Exercise directions: Output every record word for word, minus the pictures.

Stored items

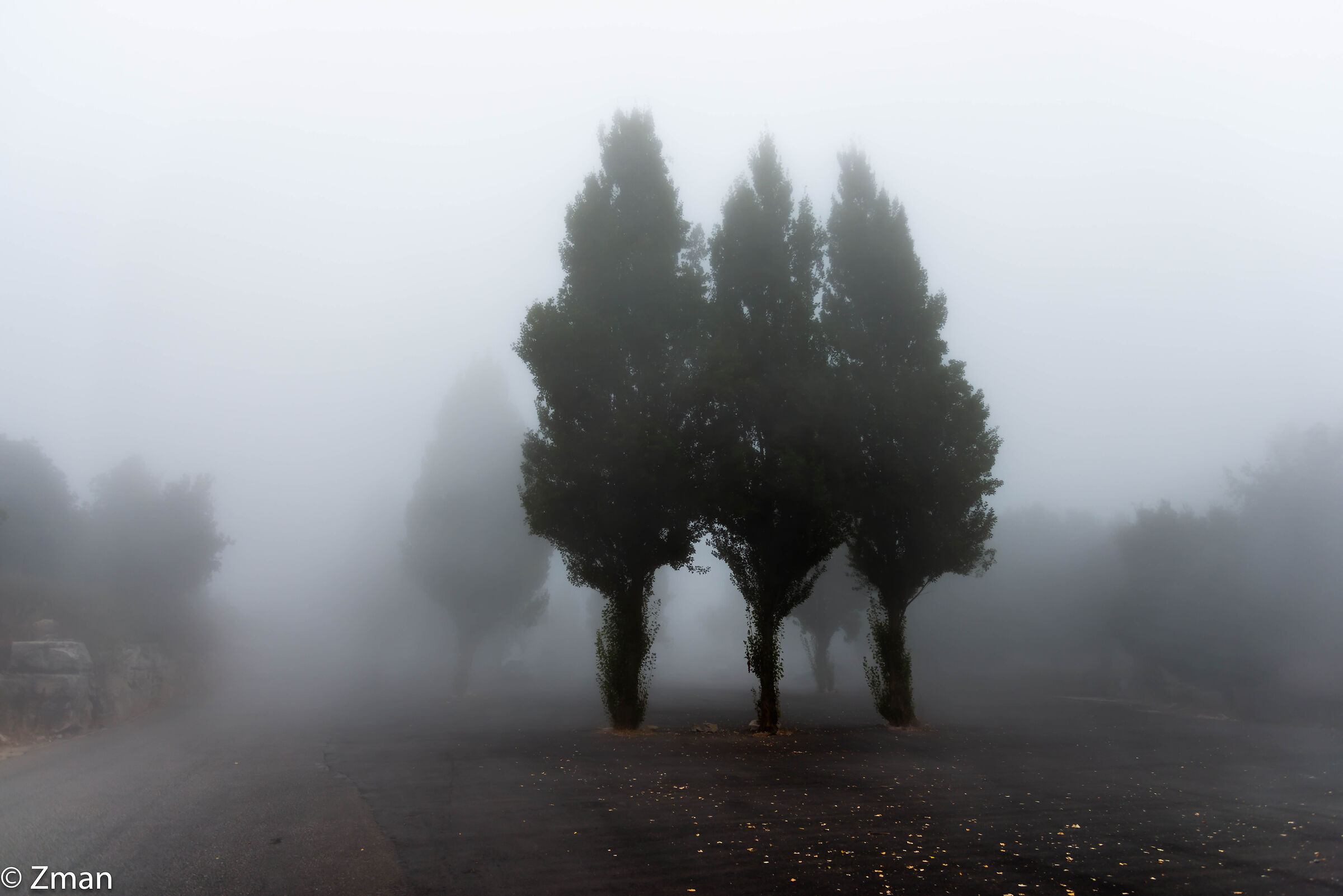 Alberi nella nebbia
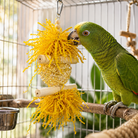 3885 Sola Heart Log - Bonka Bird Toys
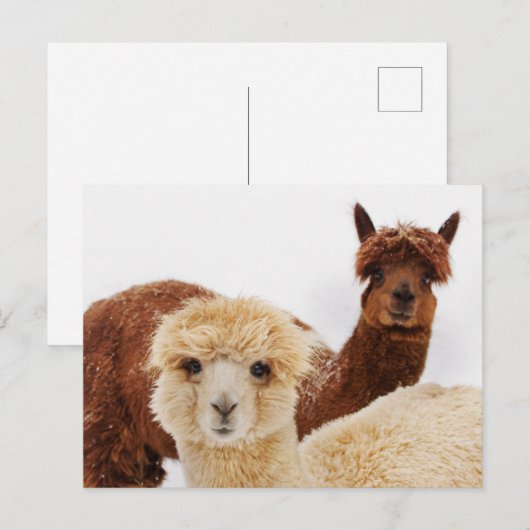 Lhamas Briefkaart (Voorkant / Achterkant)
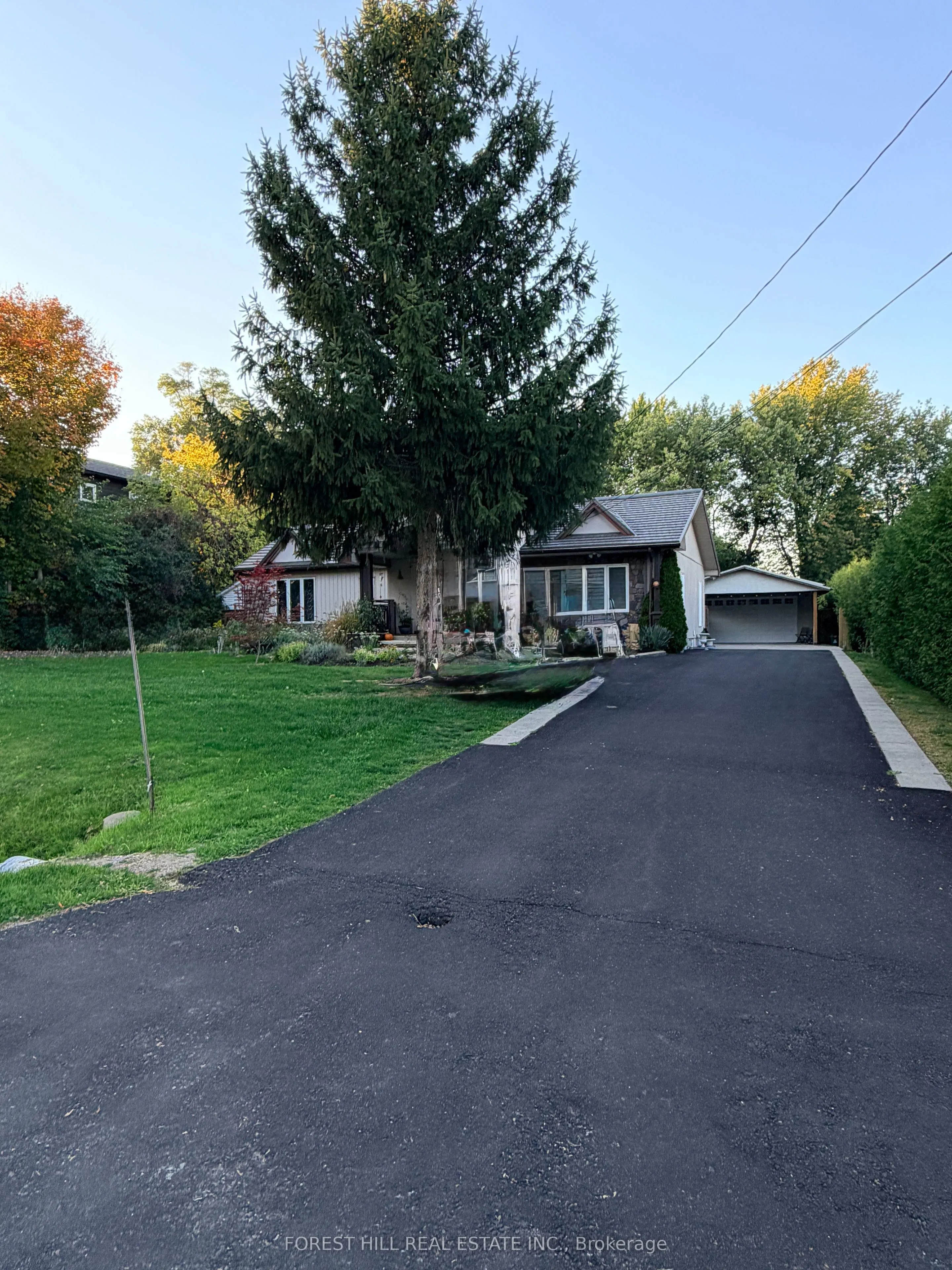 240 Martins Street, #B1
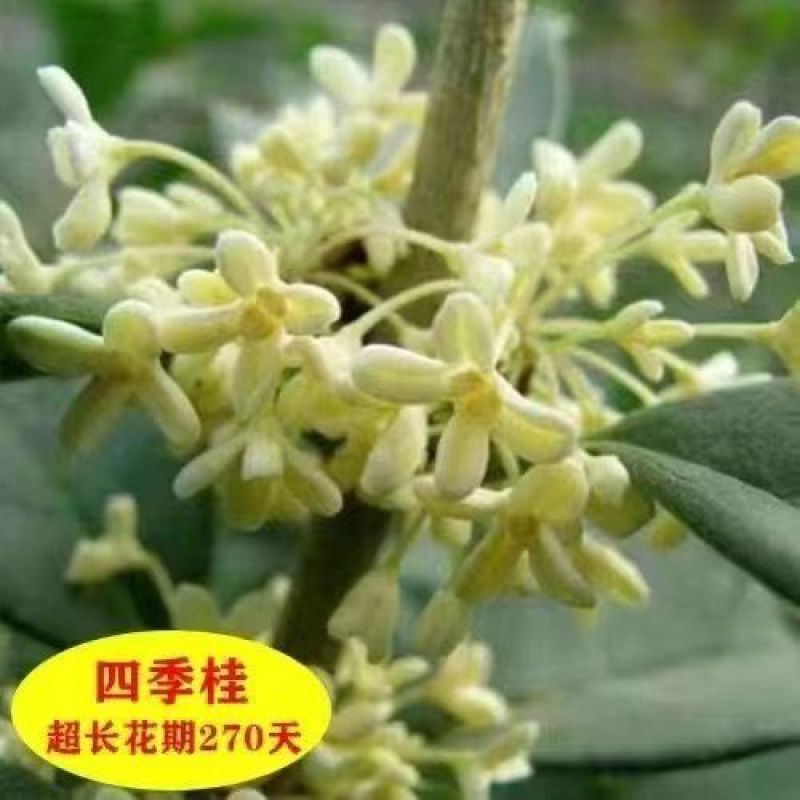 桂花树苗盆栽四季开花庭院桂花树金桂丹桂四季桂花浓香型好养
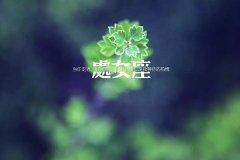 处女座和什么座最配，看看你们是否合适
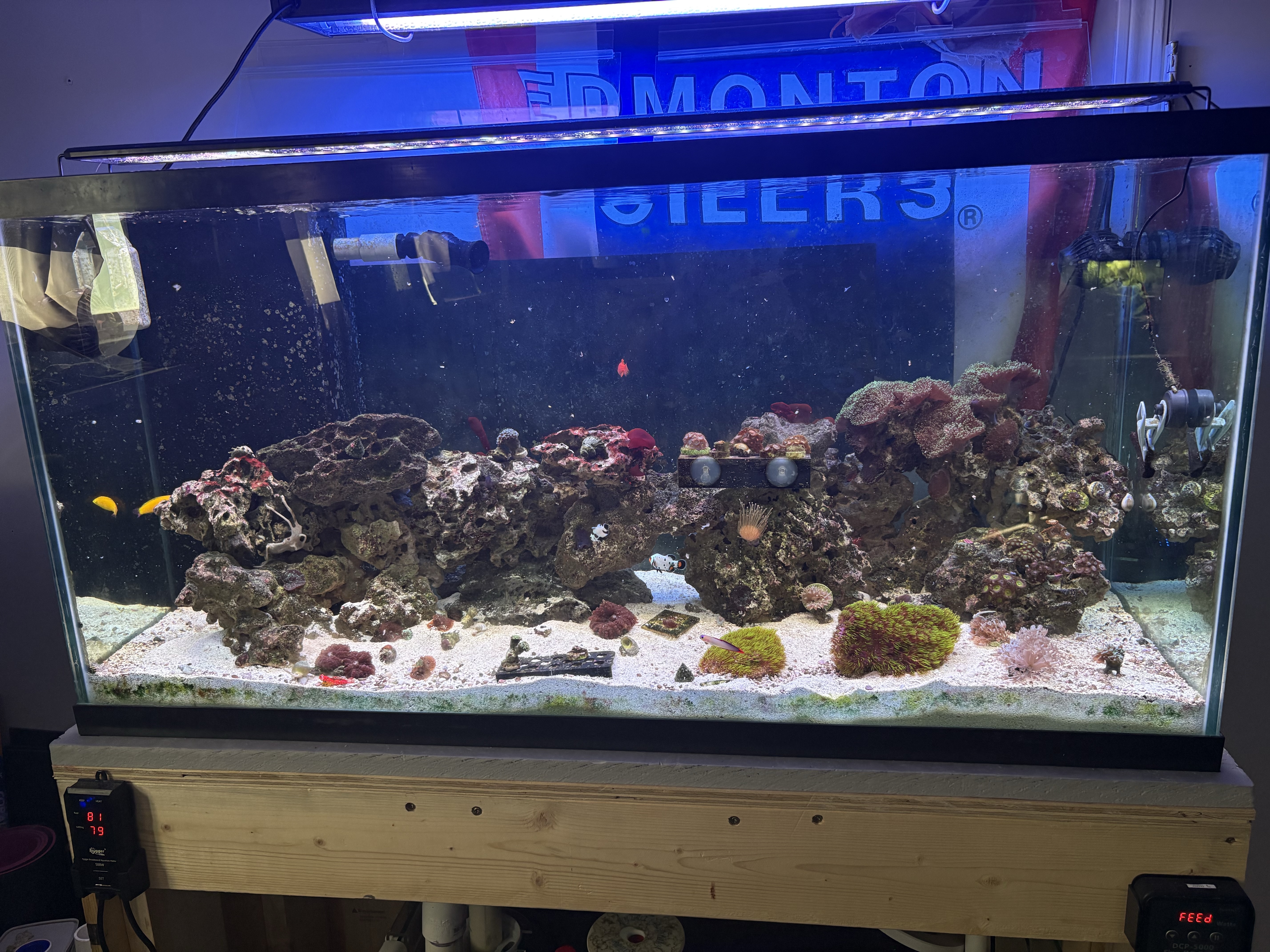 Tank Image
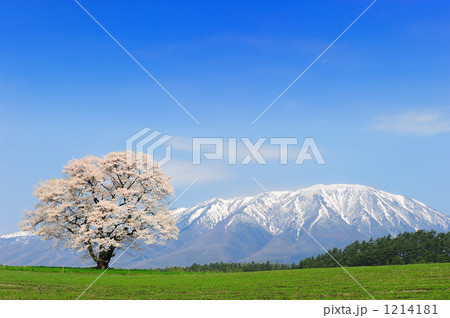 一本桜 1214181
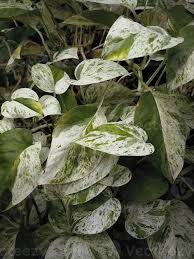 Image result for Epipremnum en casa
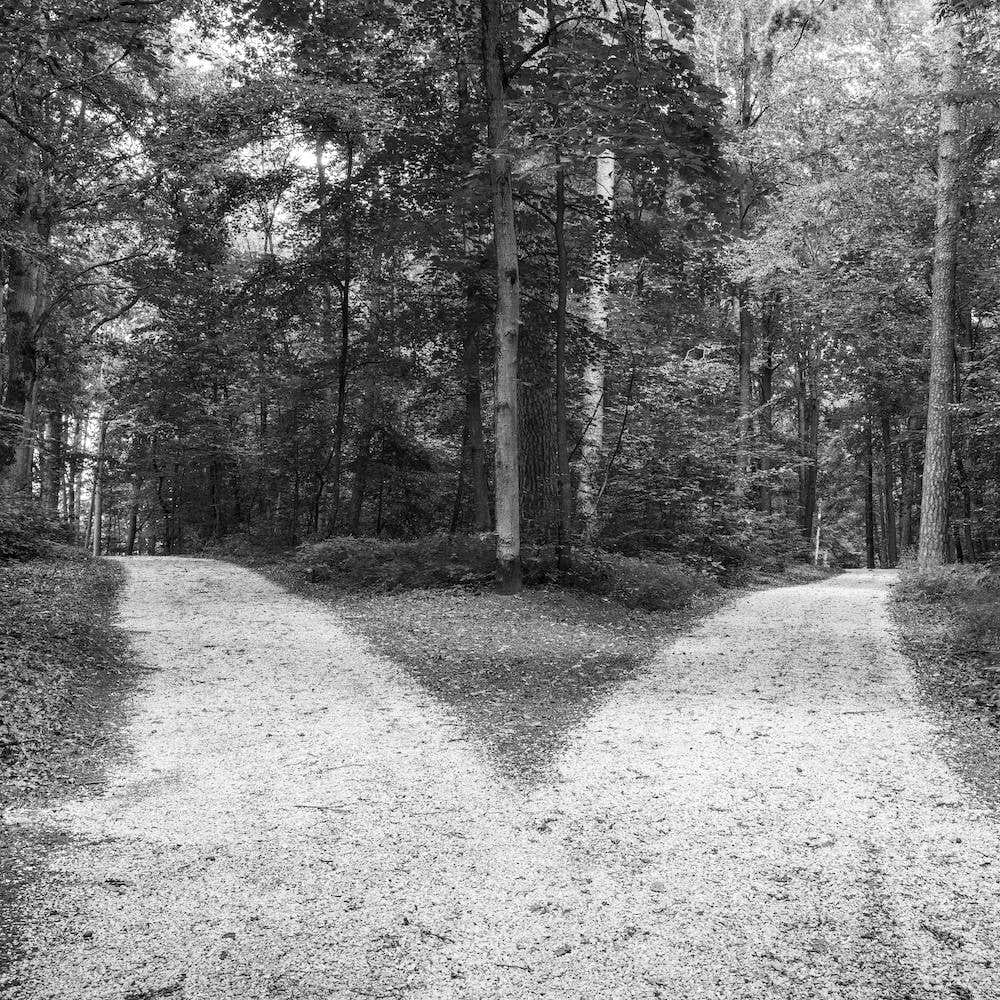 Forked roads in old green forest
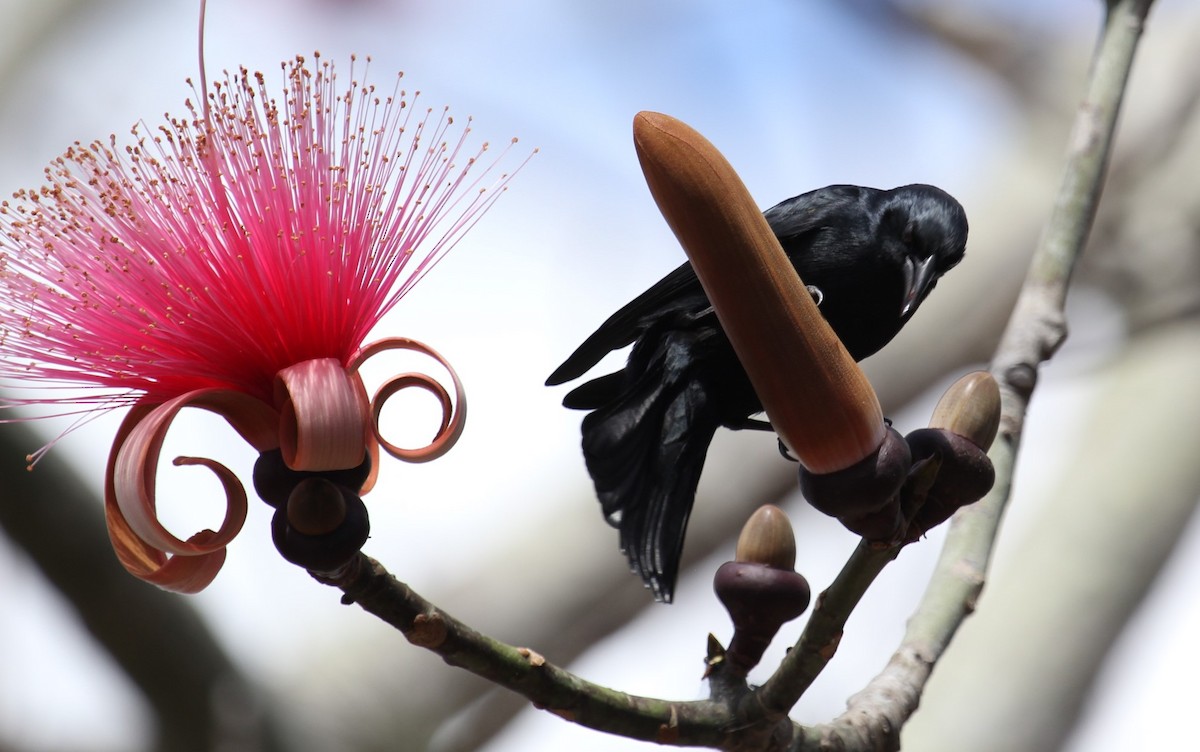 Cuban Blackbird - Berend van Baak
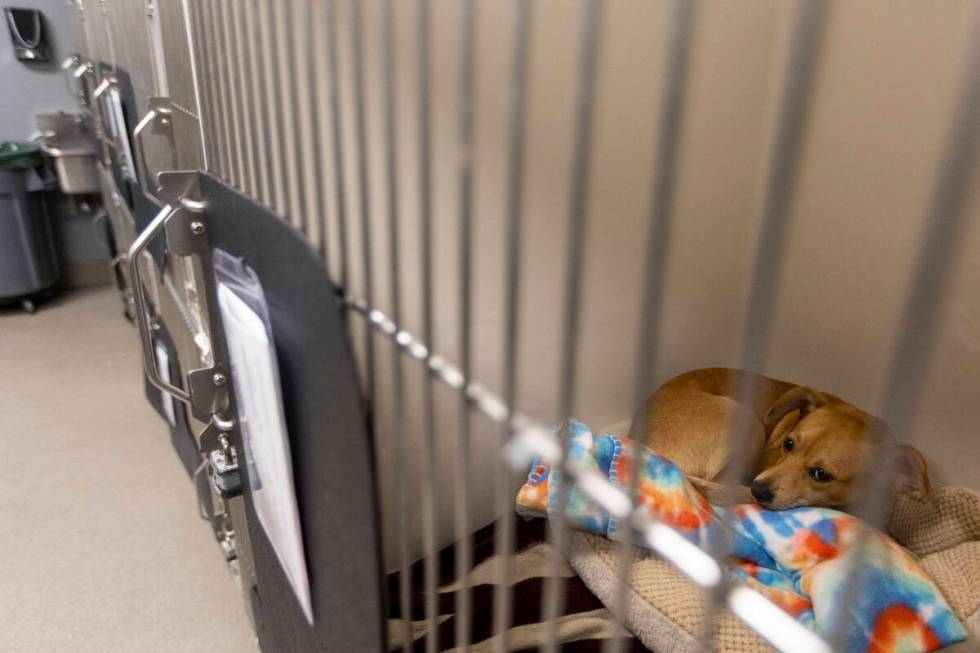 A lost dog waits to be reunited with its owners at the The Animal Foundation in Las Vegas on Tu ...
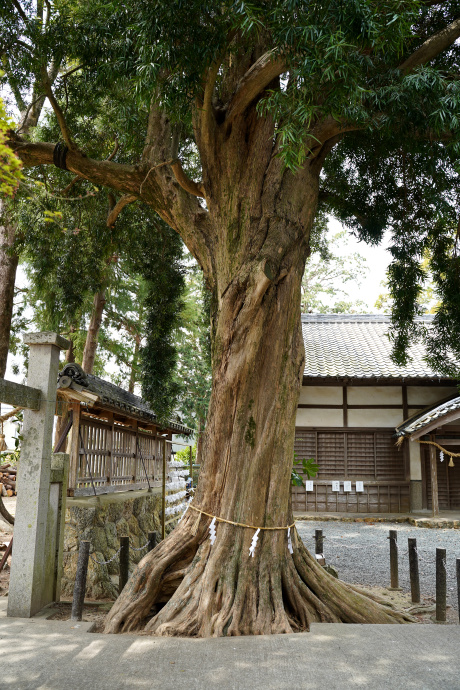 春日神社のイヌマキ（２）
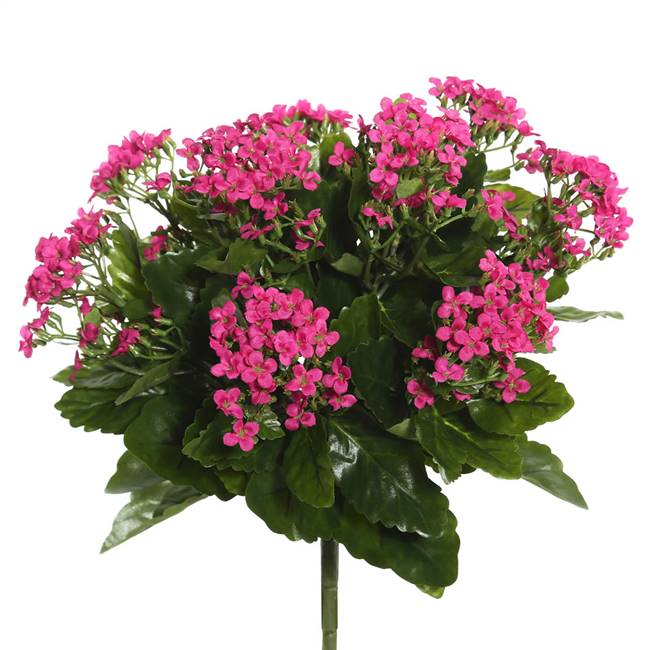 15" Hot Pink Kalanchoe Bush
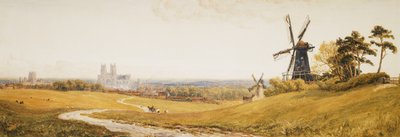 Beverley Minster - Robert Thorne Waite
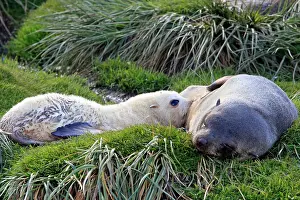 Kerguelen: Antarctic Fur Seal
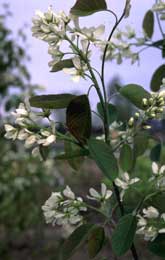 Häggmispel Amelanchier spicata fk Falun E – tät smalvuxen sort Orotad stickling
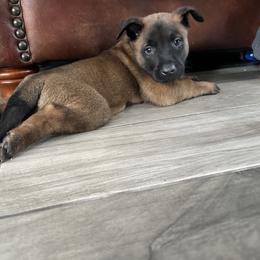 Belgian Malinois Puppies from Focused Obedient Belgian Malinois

Answer space:
 Alberi nella nebbia
 3885 Sola Heart Log - Bonka Bird Toys
 Lhamas Briefkaart (Voorkant / Achterkant)
 240 Martins Street, #B1
 桂花树苗盆栽四季开花庭院桂花树金桂丹桂四季桂花浓香型好养
 处女座和什么座最配，看看你们是否合适
 Tank Image
 一本桜 1214181
 Image result for Epipremnum en casa
 Forked roads in old green forest
 Cuban Blackbird - Berend van Baak
 A lost dog waits to be reunited with its owners at the The Animal Foundation in Las Vegas on Tu ...
 春日神社のイヌマキ（２）
 15" Hot Pink Kalanchoe Bush
 Beverley Minster - Robert Thorne Waite
 Kerguelen: Antarctic Fur Seal
 Häggmispel Amelanchier spicata fk Falun E – tät smalvuxen sort Orotad stickling
 Belgian Malinois Puppies from Focused Obedient Belgian Malinois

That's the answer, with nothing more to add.